> _Material for the task_
%%

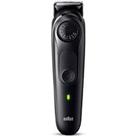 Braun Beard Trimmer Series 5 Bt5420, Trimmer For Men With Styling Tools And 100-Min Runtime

%%
%%

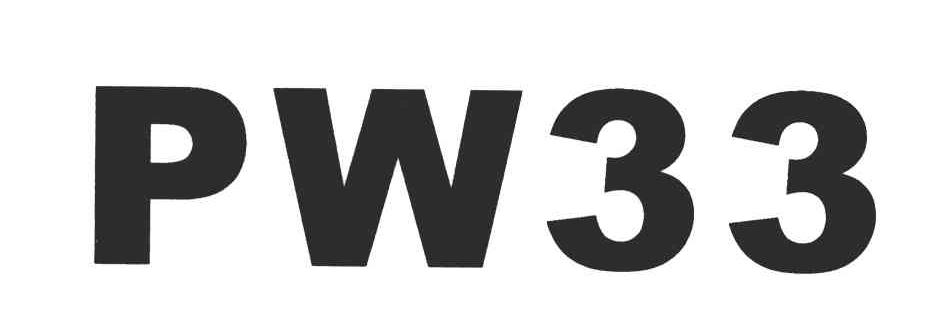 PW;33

%%
%%

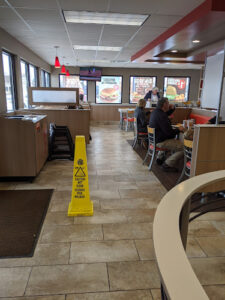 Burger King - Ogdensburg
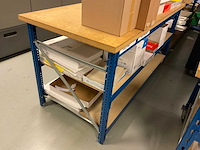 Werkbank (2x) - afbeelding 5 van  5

%%

> _Work required_
Within the listing above, the lines from the one with "Burger King - Ogdensburg" through the one with "Werkbank (2x) - afbeelding" are to be given again word for word. Do not include pictures.

> _Solution to this problem_
 Burger King - Ogdensburg
 Werkbank (2x) - afbeelding 5 van  5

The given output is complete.